At this time, new areas of data management such as CAD/CAM or spatial-temporal data and geographical information systems (GIS) challenged the traditional relational databases. The new and coming object-oriented databases were better suited for these areas. Still, they failed in the market. The traditional SQL database vendors absorbed the trend by implementing new features such as more flexible table structures, features for handling large documents (Character Large Objects / CLOBs), or binaries (Binary Large Objects / BLOBs). Will the same happen with NoSQL databases – a short hype and forgotten in some years? When I was at the Oracle OpenWorld in London in February 2020 that was their vision (and hope) – everything in their database to which more and more features are added.
Why NoSQL Databases Prosper
NoSQL databases started to catch attention from 2009/2010 onwards as Google trends illustrates (see Figure 1). Their success bases on providing fewer features than traditional databases, (mostly) not on providing new features. They are more lightweight, easy to deploy, and with no or different license fee models. Important trends are Key-Value Stores, and Document and Graph Databases plus highly scalable data processing engines.
Figure 1: Interest in NoSQL
Key-Value Stores
The data model of key-value stores is extremely limited – pairs of a key and a value. When you know the key (e.g., an IP address), you can retrieve the associated value. For example, the last time a request came from a specific IP address. As always, there are variations when looking at different key-value store products: complex keys, searching for values, in-memory-databases for speed, etc. The main characteristic, however, is the simplistic data model. Important cloud service products are AWS DynamoDB or Azure Cosmos DB. They enable developers to store key-value-pairs as well as the more complex documents.
Key | Value |
114.5.82.4 | 20.07.2020 09:32 |
14.1.219.55 | 20.07.2020 09:31 |
154.2.23.1 | 20.07.2020 09:30 |
124.5.8.4 | 20.07.2020 05:47 |
4.210.182.7 | 19.07.2020 22:09 |
Figure 2: Key-Value Store Example
Document Databases
Documents are semi-structured with the most popular file formats being XML and JSON. Documents allow for flexibility regarding the attributes (e.g., documents can have different structures) and they allow nesting attributes. The following two sample documents have a similar structure, but there are nuances. Document A contains an attribute “event” that document B does not have. Also, both documents store the author’s name a little bit differently.
Document A |
{
“article”: { “title”: “Business Applications: On the Tension between Efficient Testing and Compliance.”, “author”: “Klaus Haller” “journal”: “Softwaretechnik-Trends”, “year”: 2015, “volume”: 35, “event”: “37. Treffen der GI-Fachgruppe Test, Analyse & Verifikation von Software (TAV), Friedrichshafen, 5./6.2.2015” } } |
Document B |
{
“article”: { “title”: “Mobile Testing”, “journal”: “ACM SIGSOFT Software Engineering Notes” “author”: { “firstname”: “Klaus”, “lastname”: “Haller” } } } |
Graph Databases
Graph databases make modeling and querying complex topics and relationships intuitive. Social networks are a great application area. A graph consists of nodes and of edges that connect nodes. Nodes can, for example, represent persons or topics. Both, nodes and edges, can have attributes to store additional information. In the example in Figure 3, there are various types of nodes: individual persons, a band named Spice Girls, their albums, and some of their songs. The edges represent the relationships like being part of the band, they released an album, or a song is part of an album. There are also sample attributes like when the band membership ended or their nicknames. Not all attributes are used for every node or graph. For example, the graph database product Neo4J refrains from strictly enforced schemas.

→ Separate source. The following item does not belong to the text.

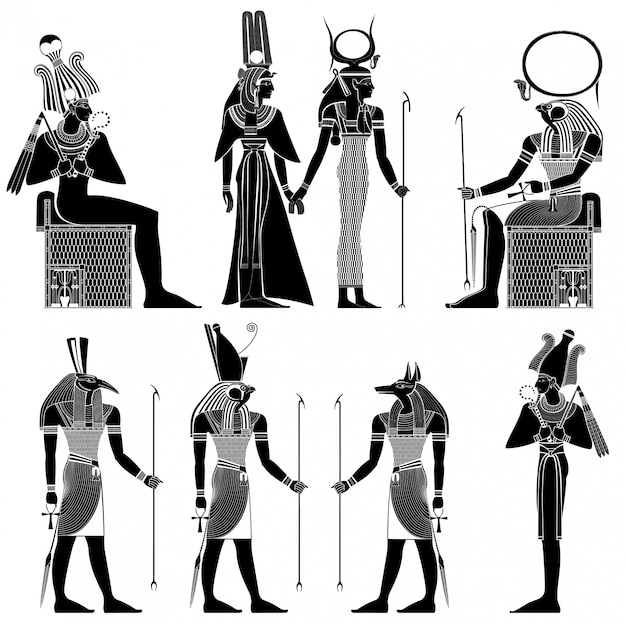 ベクトル エジプトの古代のシンボル、古代エジプトの神々の分離図のセット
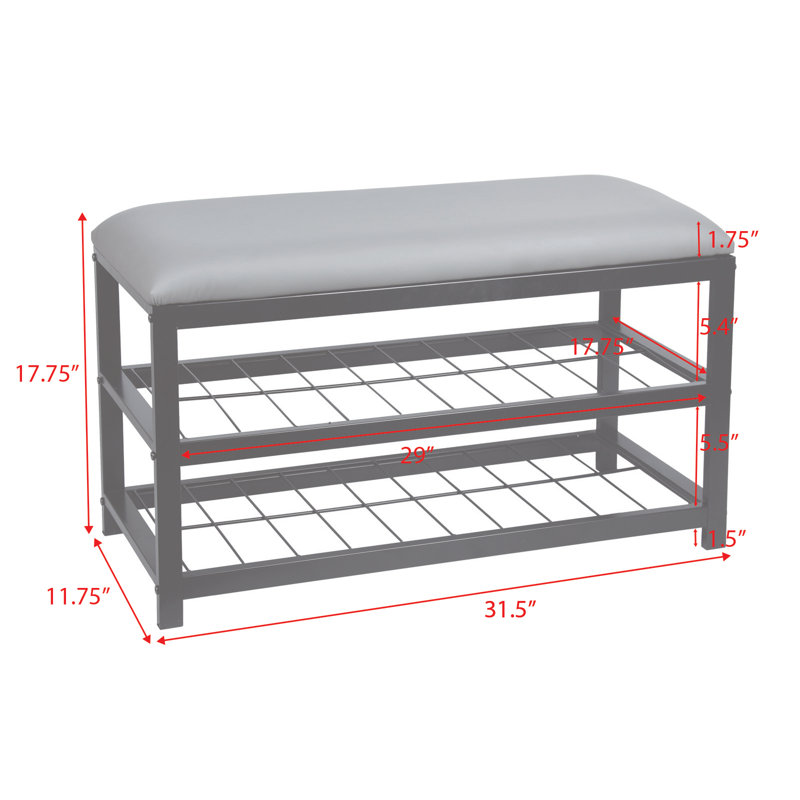 Banc de rangement pour chaussures à 2 niveaux 6 paires, Gris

One important aspect of graph databases is that everything you can model in a graph database you can model in a SQL database as well. Certainly, graph databases might outperform SQL databases for usage scenarios and/or can incur much lower costs.
Figure 3: Representing the Spice Girls in a Graph Database
NoSQL beyond Data Models
Supporting different or restricted data models is one aspect of NoSQL databases, but there are more (see Figure 4). Many are lightweight and/or base on a schema-on-read instead of the well-known schema-on-write approach. In the case of schema-on-read, databases do not validate data or documents submitted for storage. For example, they do not reject data tuples with an unknown attribute. A schema-on-read database used for invoices, can – without any modification – store social media posts and sensor data as well. When querying a schema-on-read database for calculating the average invoice amount, the database considers only documents and data that matches the data structure of the query. The database ignores all other data.
Another common feature for NoSQL databases, especially for NoSQL database services of global cloud providers is scaling out horizontally on a global level. A typical example is AWS’s DynamoDB. When implementing such a service, there are two challenges:
- Applications and databases must be geographically close. This is a technical prerequisite for quick query responses. When users and applications are in Europe, so must be the database service. Thus, applications with a worldwide user base require database replicas around the globe, which must be somehow synchronized.
- Massive scalability requires scaling out horizontally. Improving performance must be achieved by adding new commodity servers instead of upgrading powerful servers and clusters to even better hardware. The area of supercomputers in the sense of a Cray with highly optimized hardware for a few customers and installations is over.
This conflicts with requirements to deliver always the most up-to-date data or to isolate transactions as known from SQL databases. Thus, NoSQL databases or database services might provide different guarantees than traditional databases. This does not impact, for example, social network applications such as LinkedIn or Facebook. They (mostly) read and present a lot of data. Data inconsistencies are unlikely, and the data can be a few minutes late. However, laxer guarantees can pose challenges for complex financial transactions and systems.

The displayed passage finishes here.